■ Dataset extract:
-- -- --
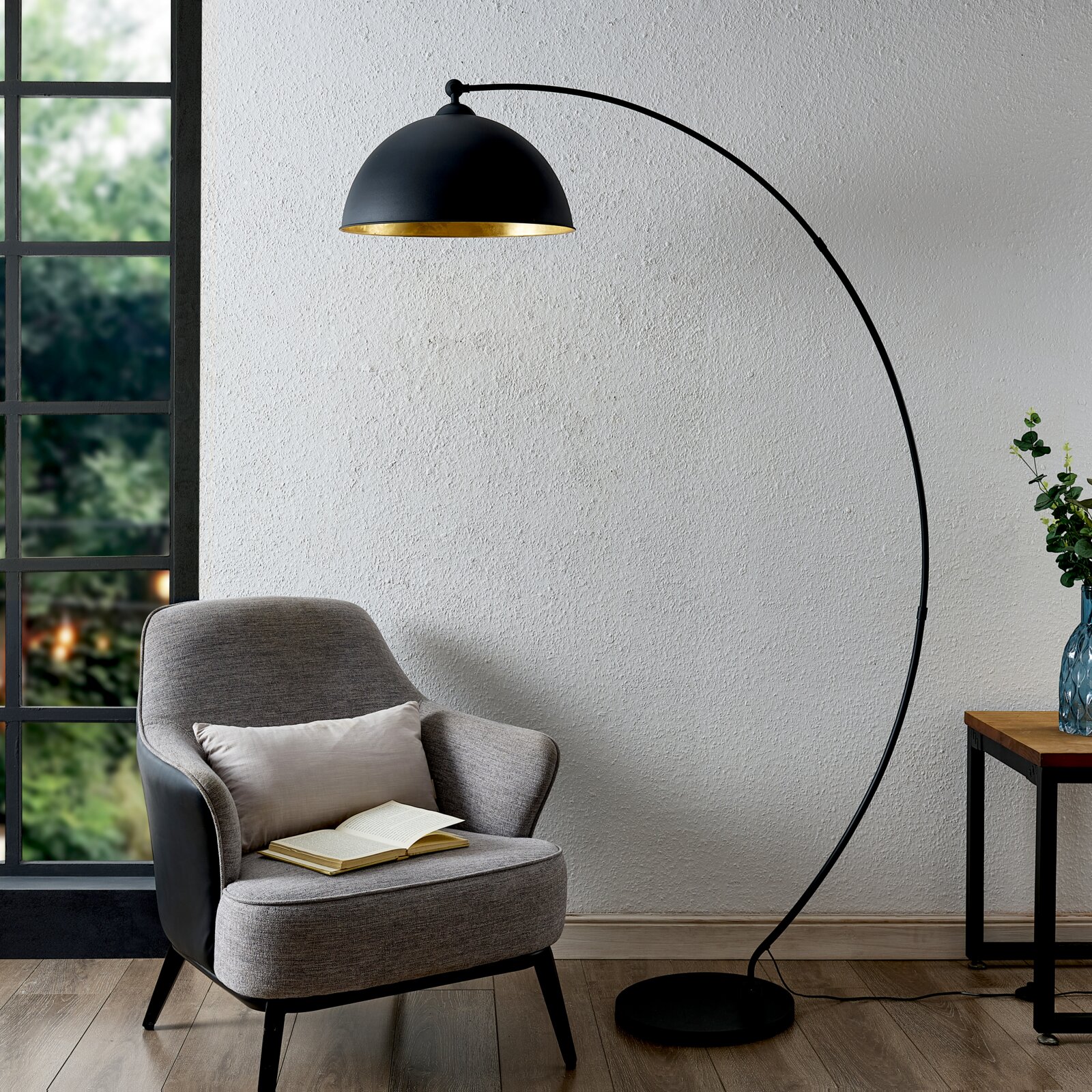 Moderne Stehleuchte mit gebogenem Arm und schwarzem Lampenschirm, seitliche Perspektive.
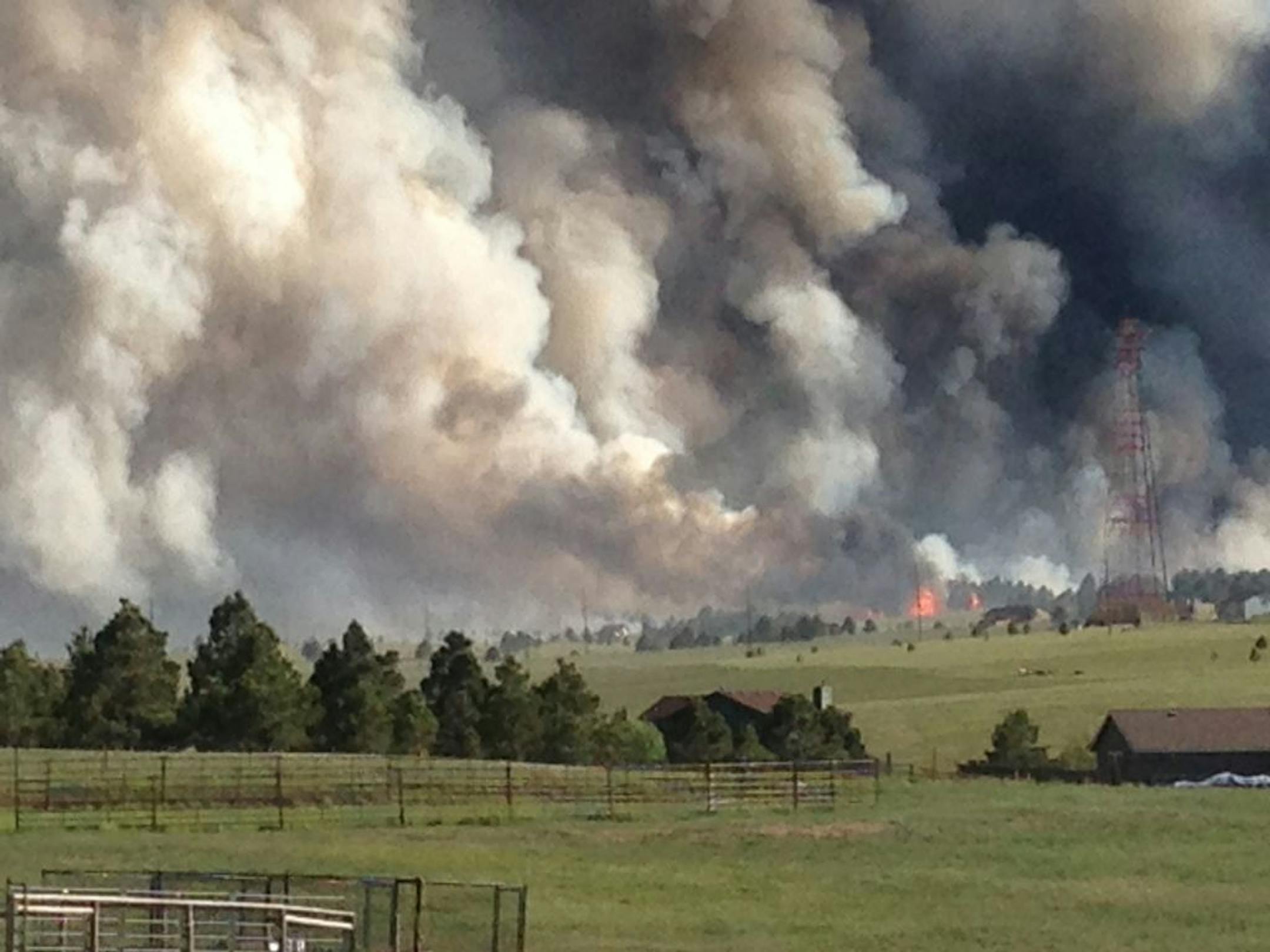 In this cell phone photo provided by Jean-Michel Bertrand, smoke from the Black Forest fire rises north of Colorado Springs, Colo.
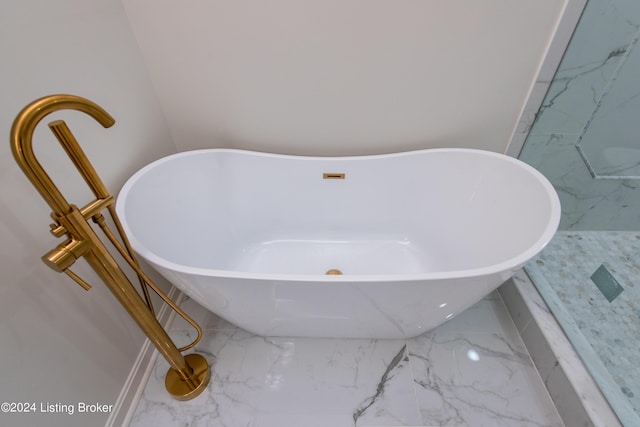 full bath with marble finish floor and a freestanding tub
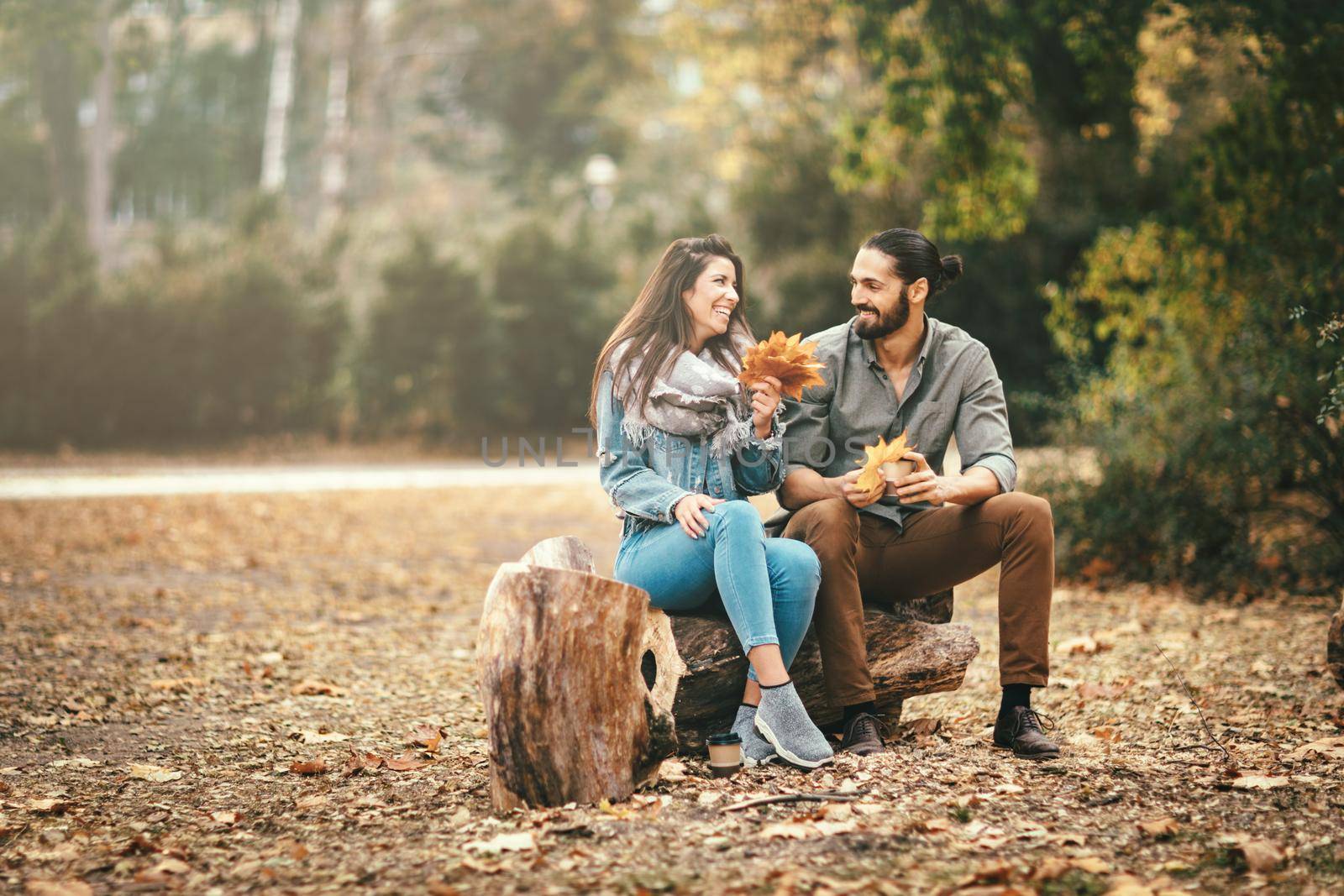 Beautiful smiling couple enjoying in sunny city park in autumn colors looking each other. They are having fun with yellow leaves.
-- -- --
■ Instructions to follow:
The data above should be set down again exactly, with the pictures omitted.

■ Task answer:
 Moderne Stehleuchte mit gebogenem Arm und schwarzem Lampenschirm, seitliche Perspektive.
 In this cell phone photo provided by Jean-Michel Bertrand, smoke from the Black Forest fire rises north of Colorado Springs, Colo.
 full bath with marble finish floor and a freestanding tub
 Beautiful smiling couple enjoying in sunny city park in autumn colors looking each other. They are having fun with yellow leaves.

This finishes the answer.